Captioned web image data
━━━━━━

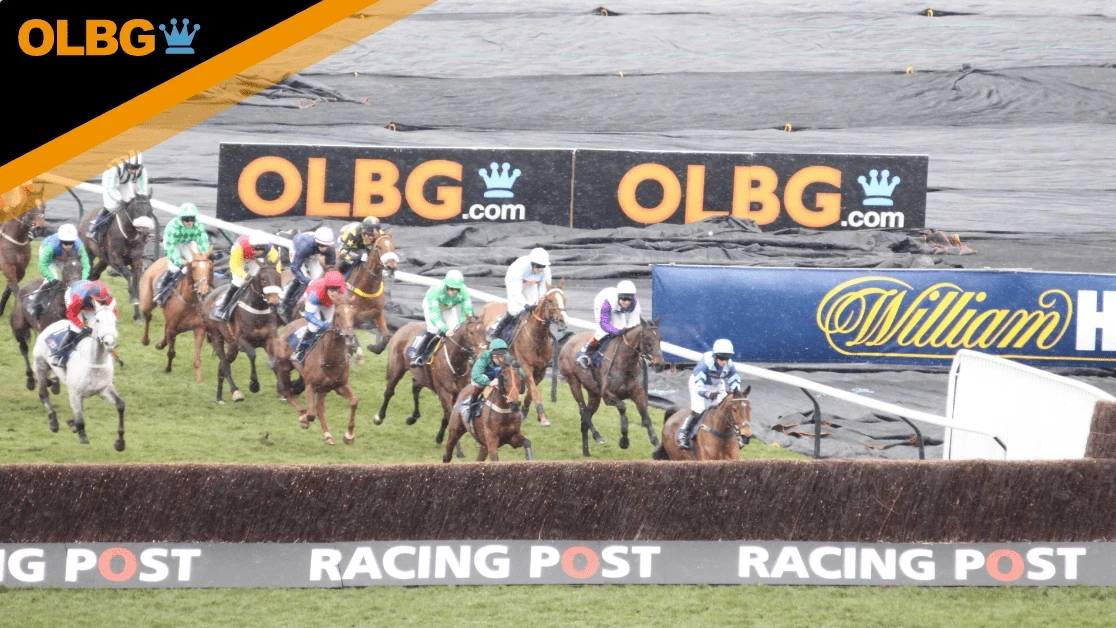 Betfair Novices' Handicap Chase Preview, Tips, Runners & Trends Betfair Novices' Handicap Chase Preview, Tips, Runners & Trends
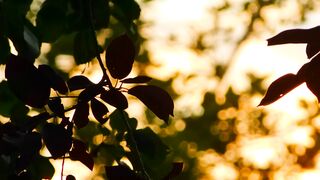 4K Resolution Video | Trending HD Video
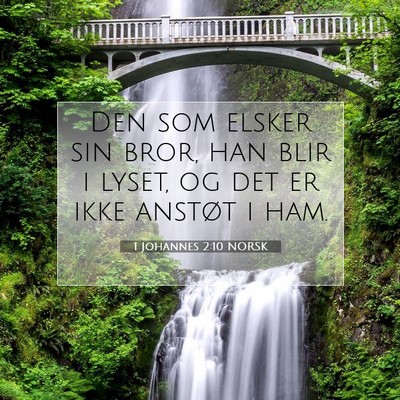 Picture 07 - 1 Johannes 2:10 NORSK - Den som elsker sin bror, han blir i lyset, og det - Bible Verse Picture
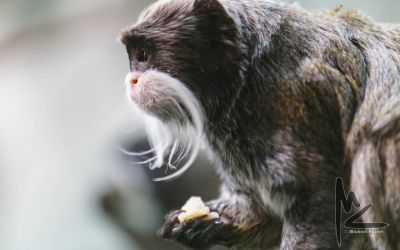 Kaiserschnurrbart-Tamarin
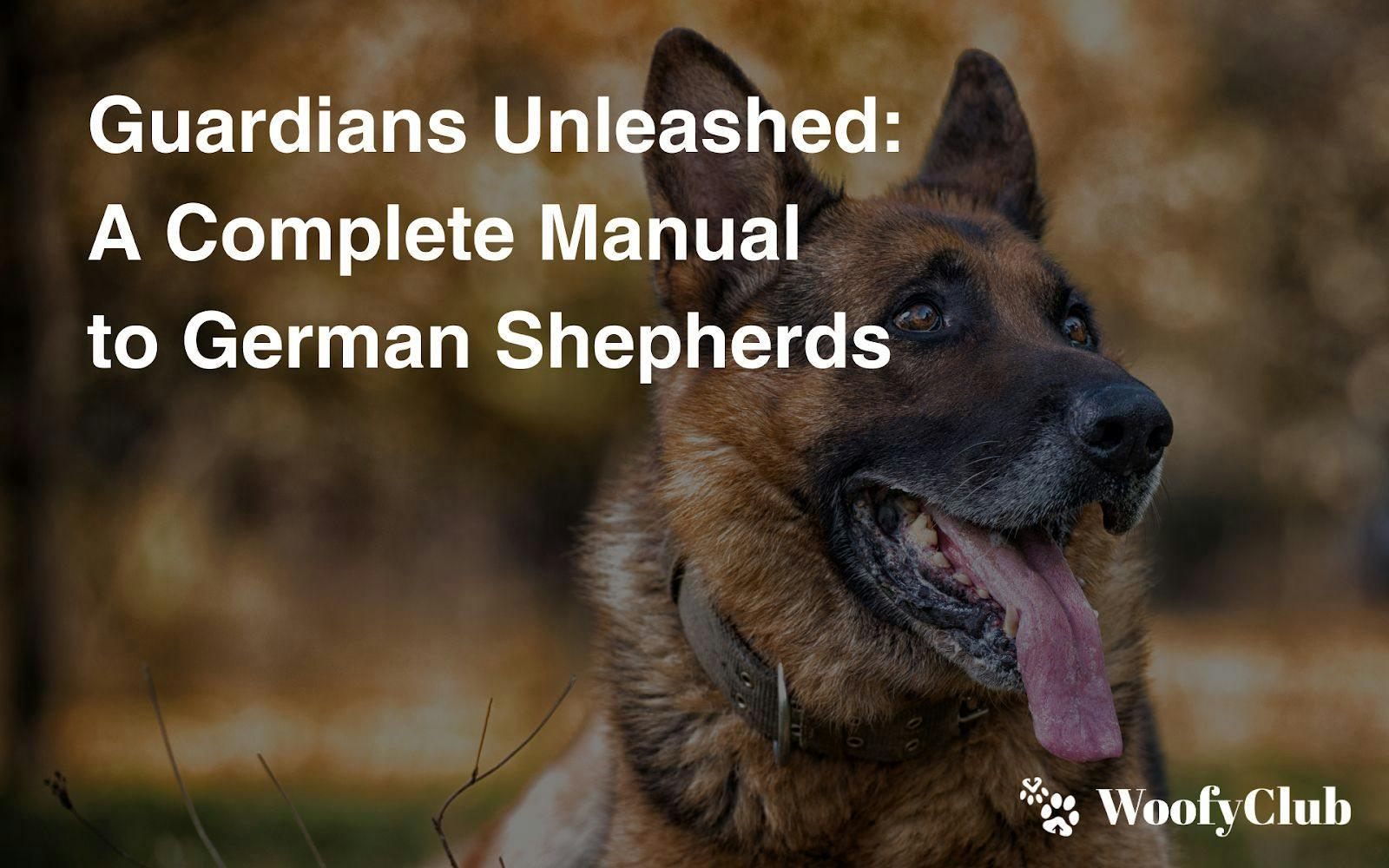 Guardians Unleashed: A Complete Manual to German Shepherds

━━━━━━

## TASK INSTRUCTIONS
Your answer must be the exact lines of the records from the first one through the line containing "Kaiserschnurrbart-Tamarin", with no pictures in it.

## ANSWER AREA
 Betfair Novices' Handicap Chase Preview, Tips, Runners & Trends Betfair Novices' Handicap Chase Preview, Tips, Runners & Trends
 4K Resolution Video | Trending HD Video
 Picture 07 - 1 Johannes 2:10 NORSK - Den som elsker sin bror, han blir i lyset, og det - Bible Verse Picture
 Kaiserschnurrbart-Tamarin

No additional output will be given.